#### To do
Starting with the line below that holds "image:imageAmbesonne Ombre Tapestry" and stopping after the line that holds "Funda Samsung Galaxy A50", transcribe the lines exactly, leaving out all pictures.

*** Opening of Task material ***

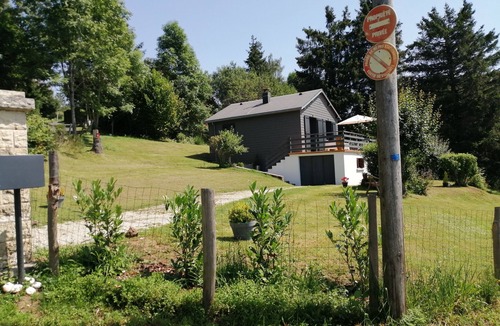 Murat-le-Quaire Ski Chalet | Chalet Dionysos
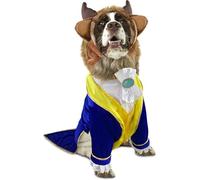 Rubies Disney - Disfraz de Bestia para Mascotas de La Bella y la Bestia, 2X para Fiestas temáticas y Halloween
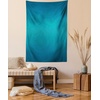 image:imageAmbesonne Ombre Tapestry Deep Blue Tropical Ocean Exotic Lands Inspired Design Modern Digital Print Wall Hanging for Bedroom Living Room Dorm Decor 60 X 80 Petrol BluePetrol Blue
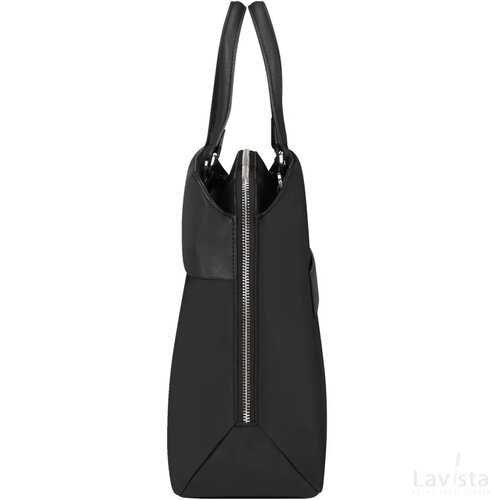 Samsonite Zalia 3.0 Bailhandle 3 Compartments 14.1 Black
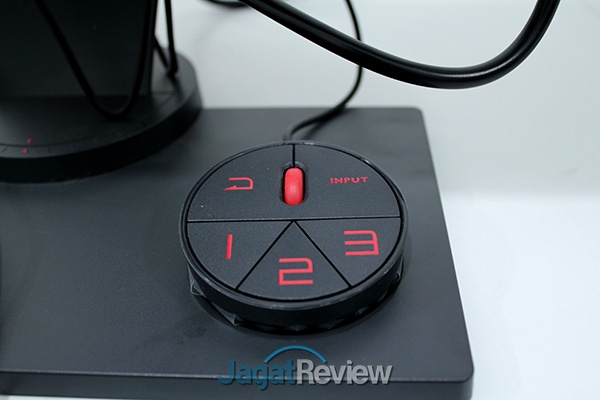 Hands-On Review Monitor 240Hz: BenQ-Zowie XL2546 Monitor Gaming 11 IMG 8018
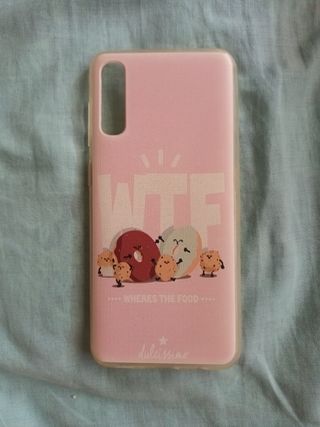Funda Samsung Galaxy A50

*** Close of Task material ***
*** Opening of Task material ***

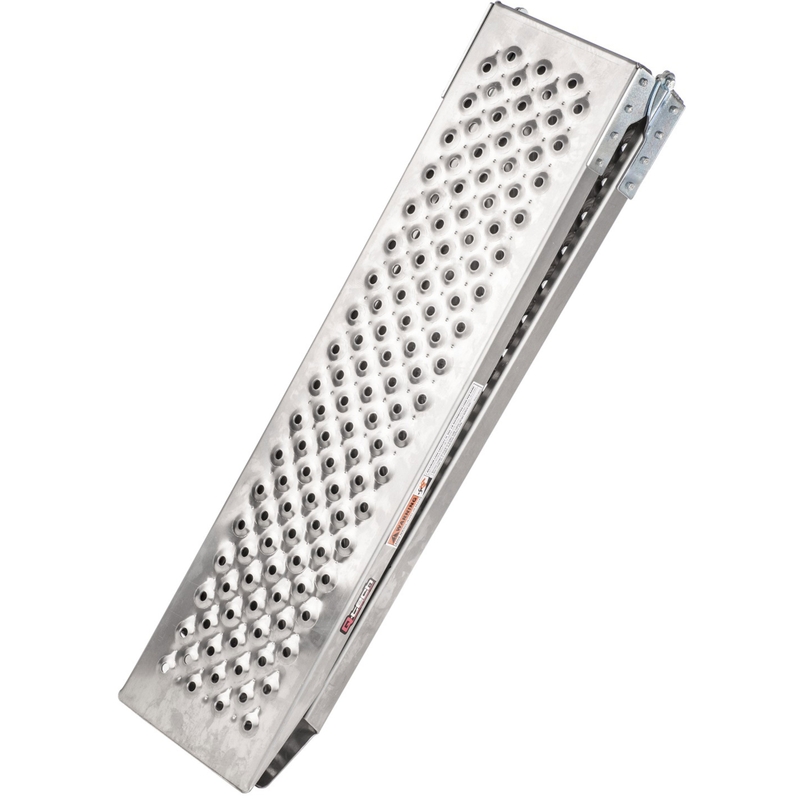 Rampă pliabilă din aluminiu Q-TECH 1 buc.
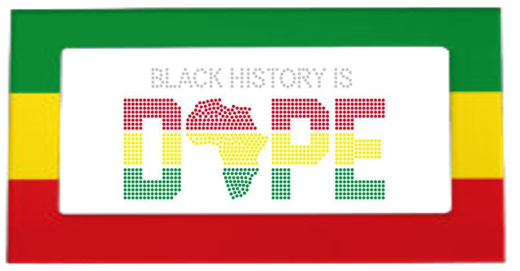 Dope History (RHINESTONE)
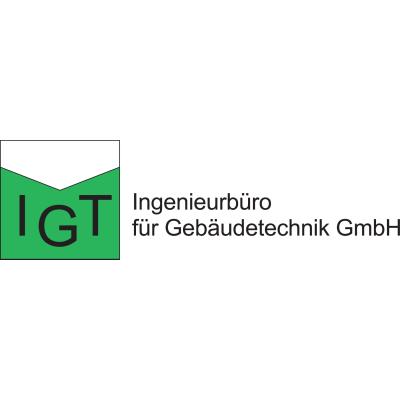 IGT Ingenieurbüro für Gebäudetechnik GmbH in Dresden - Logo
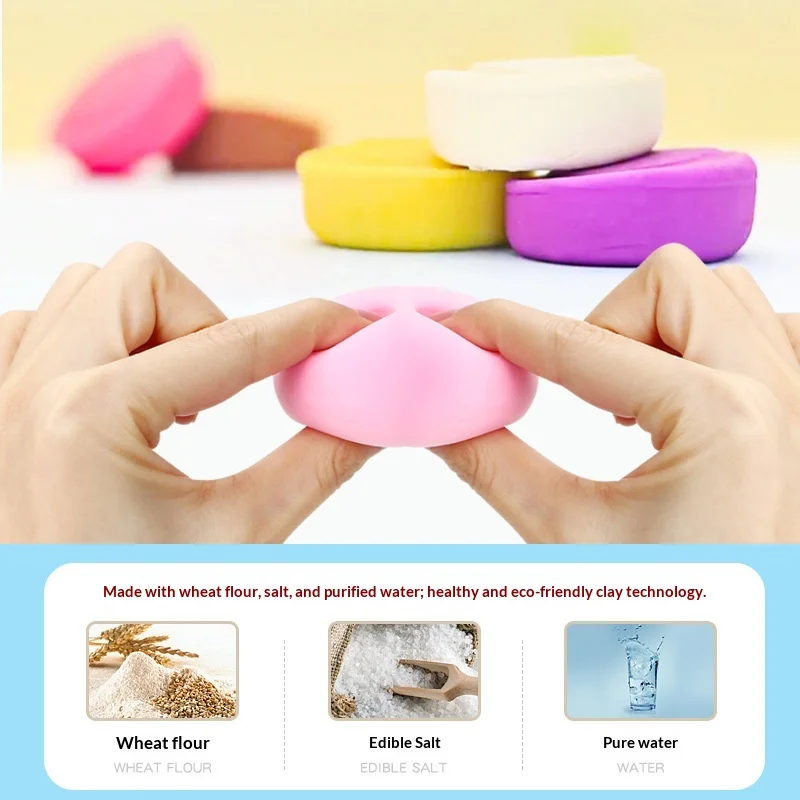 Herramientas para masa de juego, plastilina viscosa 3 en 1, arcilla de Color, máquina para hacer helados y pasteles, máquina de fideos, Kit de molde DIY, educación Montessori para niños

*** Close of Task material ***

#### Solved problem
 image:imageAmbesonne Ombre Tapestry Deep Blue Tropical Ocean Exotic Lands Inspired Design Modern Digital Print Wall Hanging for Bedroom Living Room Dorm Decor 60 X 80 Petrol BluePetrol Blue
 Samsonite Zalia 3.0 Bailhandle 3 Compartments 14.1 Black
 Hands-On Review Monitor 240Hz: BenQ-Zowie XL2546 Monitor Gaming 11 IMG 8018
Funda Samsung Galaxy A50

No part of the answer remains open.